Embarcaciones estacionadas en las playas de Copenhague. Foto Gustavo Núñez Valero.

—Estamos detrás de la residencia de la familia real. Vamos a hacer una parada para ir hasta allí. Pónganse sus chubasqueros, abríguense bien —dijo la guía.

El autobús se detuvo en una calle a la orilla del mar, frente a unos espaciosos jardines donde el verde de los arbustos y de las plantas, acentuados por el colorido de las flores, impactaba los sentidos de los turistas y los incitaba a contemplar con deleite ese espacio, creado por el ingenio humano a partir de la munificencia de la naturaleza.

Yo llevaba una capa impermeable azul clara con capota y visera plástica. Me sentía extraño e incómodo con esa indumentaria. Estaba desilusionado por no poder utilizar mi cámara fotográfica, pues era electrónica y la lluvia podía causarle daños. Tuve que acudir a la cámara de mi teléfono móvil.

Sin apuros, observando y disfrutando el entorno, bajé del autobús y comencé a caminar detrás del grupo.

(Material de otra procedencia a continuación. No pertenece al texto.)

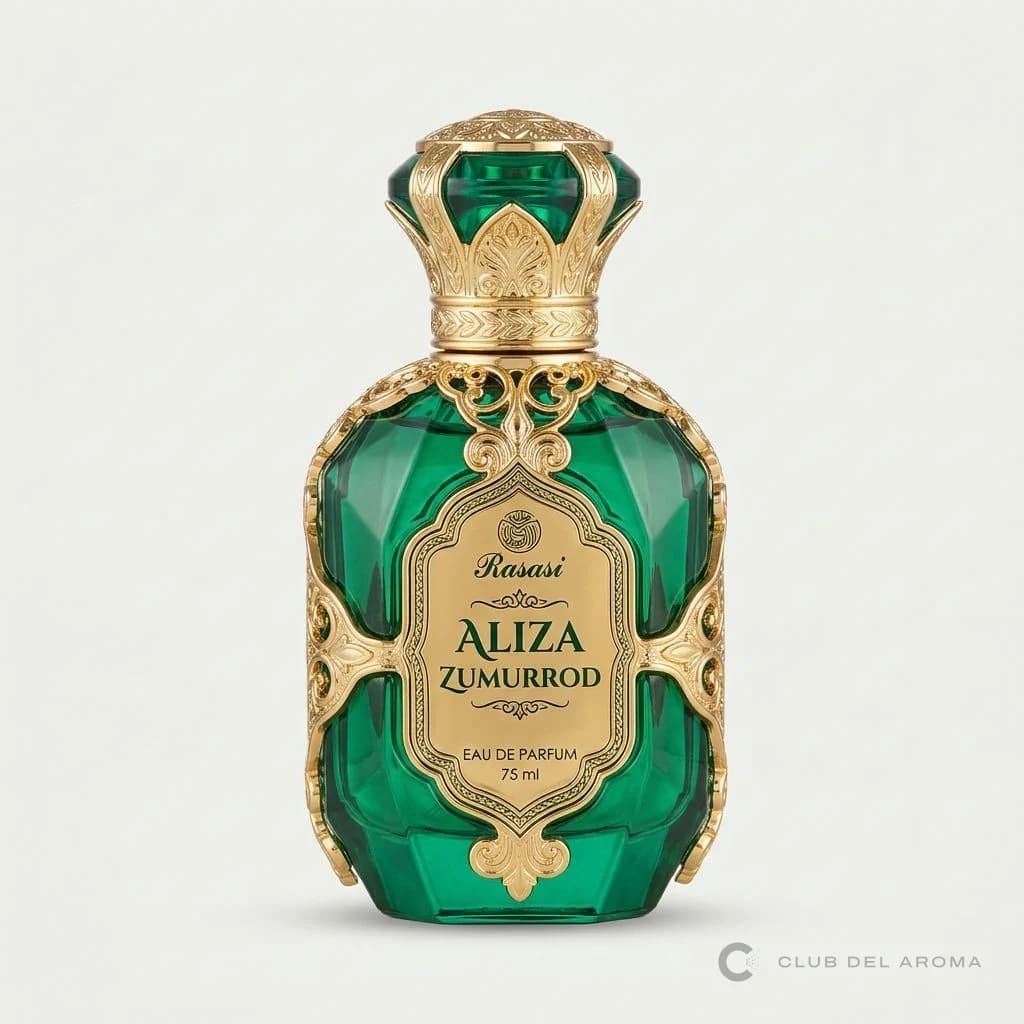 Aliza Zumurrod - imagen 1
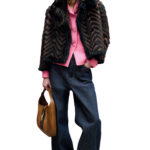 Relaxed silhouettes for the ultimate flex in a world of trying too hard (Credit: Gucci)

—Me imagino que por parques como este Copenhague fue declarada hace unos pocos años Capital Verde de Europa —me comentó un argentino, compañero en la gira que, extasiado, observaba los jardines.

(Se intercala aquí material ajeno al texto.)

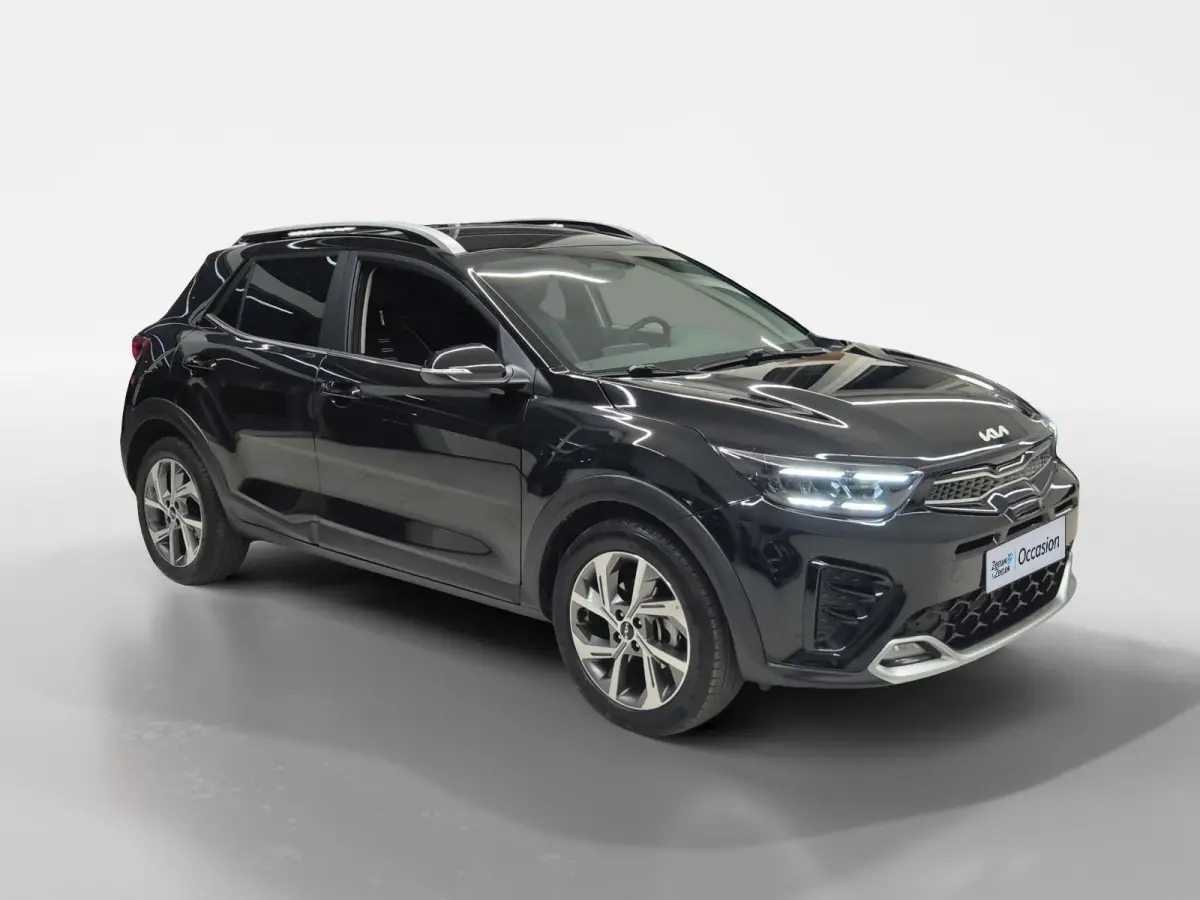 1.0 T-GDi MHEV GT-Line | Climate Control | Cruise Control | Automaat | Stoelverwarming | Stuurverwarming | Navigatie |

Las aguas del mar parecían dormitar y mostraban un azul claro y transparente; los adoquines del piso de la calzada brillaban como cristales ennegrecidos; el frío mantenía su gélida contundencia; la soledad se imponía; una embarcación mediana, de color blanco nieve, de diseño delicado y moderno intentaba alejarse de allí, pero los amarres que la ataban a un soporte de hierro, clavado en el piso del andén,  se lo impedían. Para no rezagarme del grupo tuve que aligerar el paso.  A no más de doscientos metros de la orilla del mar me encontré dentro de una enorme plaza.

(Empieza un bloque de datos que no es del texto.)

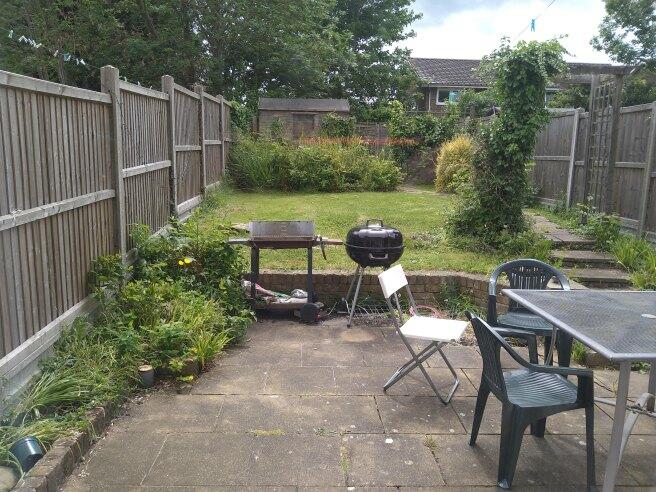 Additional image 11 of Verwood Close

—Este es el Palacio de Amalienborg —dijo la guía.

En la mitad de la plaza vi una estatua ecuestre y en los alrededores, varios edificios de mediana altura, con fachadas de piedra.

Amalienborg es, en realidad, un conjunto arquitectónico conformado por cuatro edificios, convertidos en residencia de la familia real danesa.

La Fuente del Salto del Dragón en el centro de Copenhague. Foto Martha Lucía Galvis.
La Fuente del Salto del Dragón en el centro de Copenhague. Foto Martha Lucía Galvis.

Allí, de un momento para otro,  tuve frente a mí a la guía local. Como estaba intrigado por no haber podido identificar su acento, que me parecía conocido, le pregunté:

—¿Usted de dónde es? 

—De Bogotá

—Oh, no me diga. Yo soy colombiano.

No pude seguir conversando con ella porque en ese momento una turista uruguaya la abordó.

—¿Cómo se llama esa iglesia que está al fondo? —le preguntó la uruguaya.

—Es la Iglesia de Mármol –le respondió la guía.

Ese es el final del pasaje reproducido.